### EXTRACTED DATA
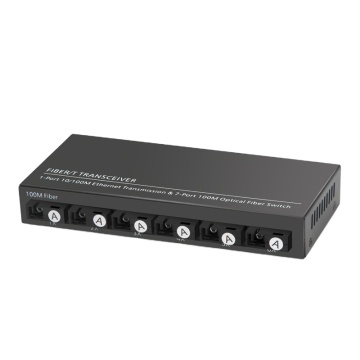 Fiber Media Converter 100M with 7 Optical Fiber Ports and PoE Switch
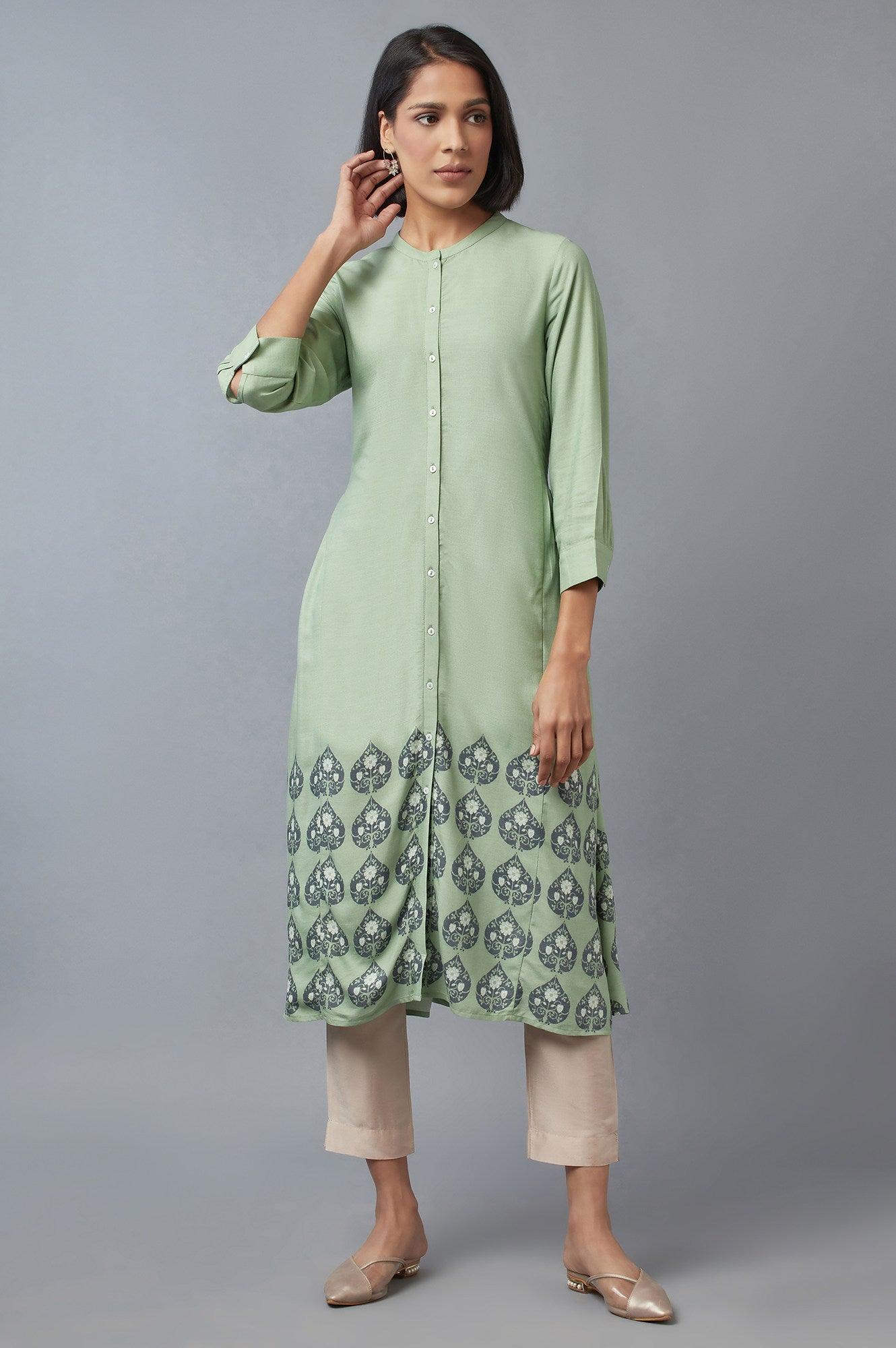 Fern Green A-line Printed kurta - wforwoman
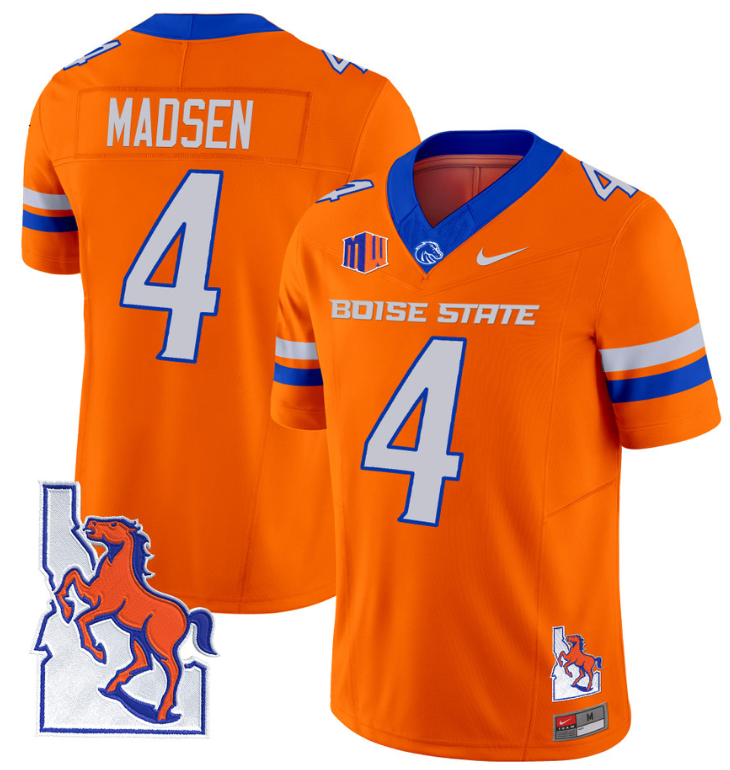 Maddux Madsen Jersey #4 Boise State Broncos 2024 Map Patch Vapor Football Orange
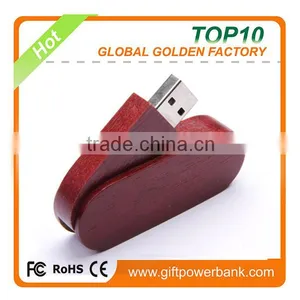Round Shape Red Wooden Swivel Usb Pen Drives thumbnail-1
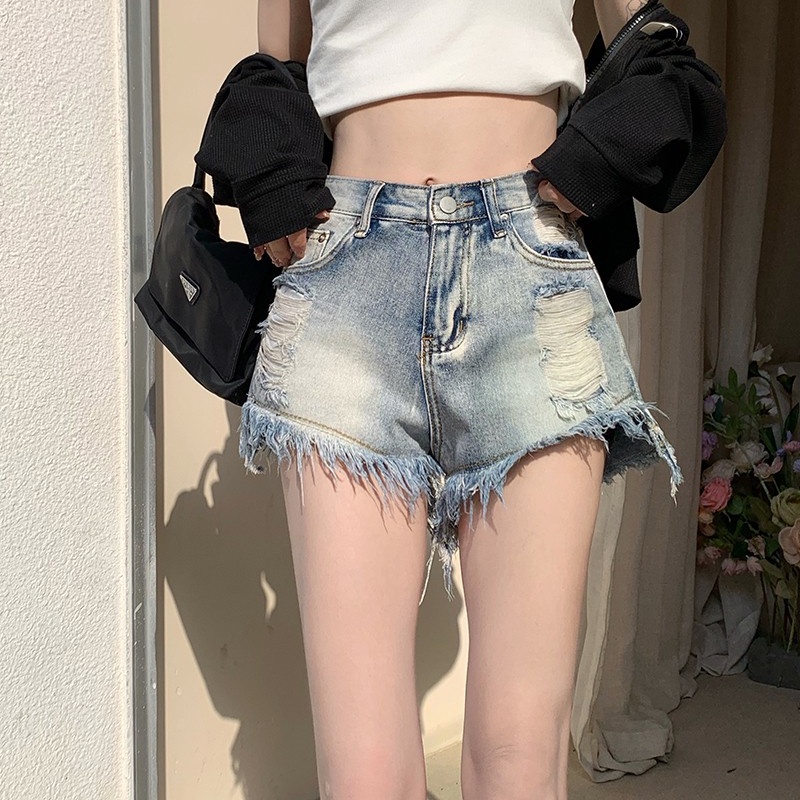 Quần Short Denim Chữ A Lưng Cao Rách Gối Phong Cách Hàn Quốc Dành Cho Nữ
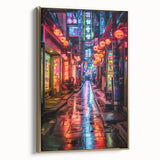 Framed canvas wall art featuring a vintage-style Tokyo landscape in muted gold and black tones, ideal for bedroom decor.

### WHAT TO DO
Without copying any picture, repeat the full listing above word for word.

### PROBLEM SOLUTION
 Fiber Media Converter 100M with 7 Optical Fiber Ports and PoE Switch
 Fern Green A-line Printed kurta - wforwoman
 Maddux Madsen Jersey #4 Boise State Broncos 2024 Map Patch Vapor Football Orange
Round Shape Red Wooden Swivel Usb Pen Drives thumbnail-1
 Quần Short Denim Chữ A Lưng Cao Rách Gối Phong Cách Hàn Quốc Dành Cho Nữ
 Framed canvas wall art featuring a vintage-style Tokyo landscape in muted gold and black tones, ideal for bedroom decor.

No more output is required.